Здесь, и на протяжении всего романа, Рэнд развивает идеи Альберта Джея Нока, который утверждал, что членов человеческого общества можно поделить на два противоположных лагеря: они являются либо «людьми экономики», которые производят то, что необходимо для выживания, либо «людьми политики», которые используют шарм или убеждение для того, чтобы завладеть тем, что было произведено другими. Собственным вкладом Рэнд в эту формулировку является ее блестящее живое изображение психологии данной схемы человеческих взаимоотношений. «Человек политики» Нока – это ее «секонд-хендер», его «человек экономики» – ее герой-индивидуалист, полагающийся на свое собственное «я» как на источник продуктивности и ценности. Защищая сам себя в суде, Рорк говорит следующее: «Дело творца состоит в том, чтобы победить природу. Дело паразита – побеждать людей». Рорк отказывается быть человеком, побежденным паразитами. Не ожидая ни от кого помощи, он утверждает собственное право отказывать в помощи другим. Присяжные – как и миллионы людей, прочитавших этот роман за прошедшие годы – могут находить его преступление шокирующим, но они также увидят в нем блестящий образчик красноречивой логики, убедительной гордости и своеобразного американского индивидуализма. Они оправдывают его.

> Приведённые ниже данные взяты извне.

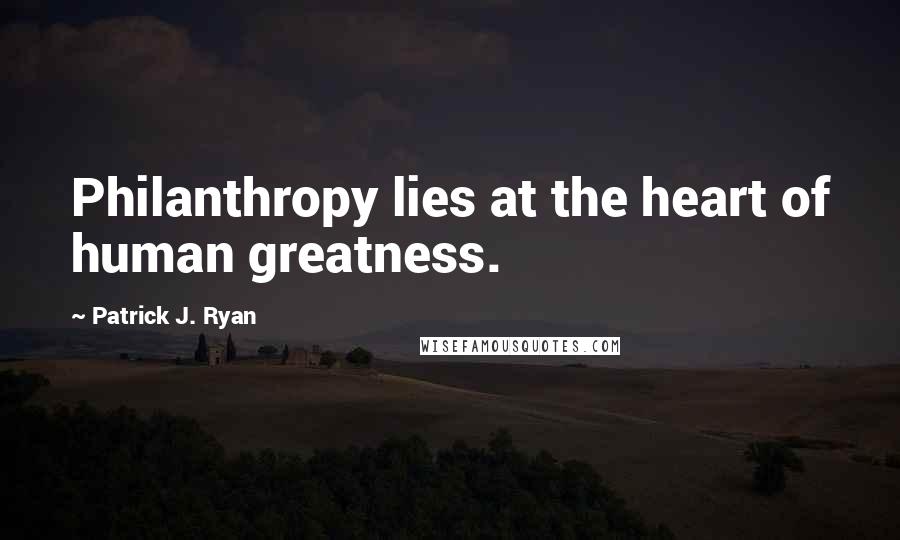 Patrick J. Ryan Quotes: Philanthropy lies at the heart of human greatness.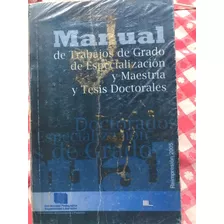 Manual De Trabajos De Grado Especializacion Maestria Y Tesis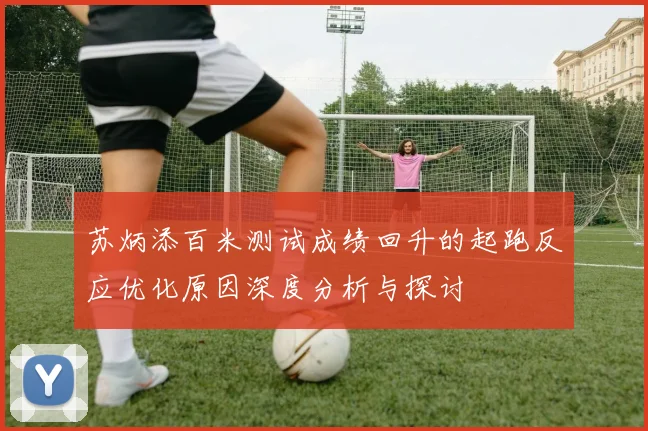 苏炳添百米测试成绩回升的起跑反应优化原因深度分析与探讨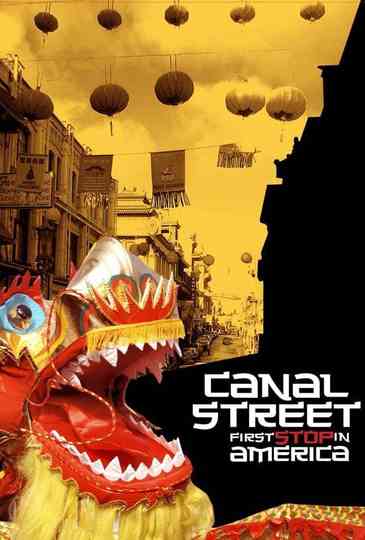 Canal Street First Stop in America Poster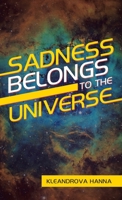 Sadness Belongs to the Universe 1663227497 Book Cover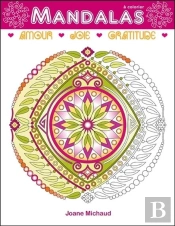 Amour - Joie - Gratitude - Mandalas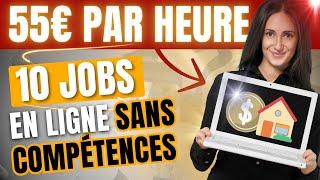 10 petits jobs en ligne SANS COMPÉTENCES pour GAGNER DE LARGENT SUR INTERNET depuis VOTRE DOMICILE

На самом деле, невзирая на русское происхождение автора, Говард Рорк является персонажем настолько же «американским», насколько и Гекльберри Финн Марка Твена или Холден Колфилд Джерома Сэлинджера. Присущие ему целеустремленность, оригинальность, нежелание слепо повиноваться начальству, тяжелая работа – это как раз те качества, которые американцы ценят в себе и своем национальном характере. Однако, как заметили некоторые пытливые читатели, в потрете Рорка можно также разглядеть некоторые черты типичного восточно-европейского еврея девятнадцатого века. Права, которые он для себя заявлял, создавали, если посмотреть шире, идеальный барьер против того антисемитского насилия и преследования, на которое Рэнд вдосталь насмотрелась в России, прочувствовав его, в том числе и на собственной шкуре. На протяжении веков любое серьезное участие евреев в банковском деле, мануфактурах, торговле, их стремление к богатству осуждалось христианами – даже когда те использовали труд евреев в собственных целях. Когда Рорк посвящает уничтожение жилого комплекса «каждому мучительному часу одиночества, отверженности, разочарования и обиды, который когда-либо переживал любой творческий человек», а также «каждому человеку, который был сломлен морально или физически», он говорил, в том числе, об отце и деде Айн Рэнд – не только как о русских, но и как о евреях.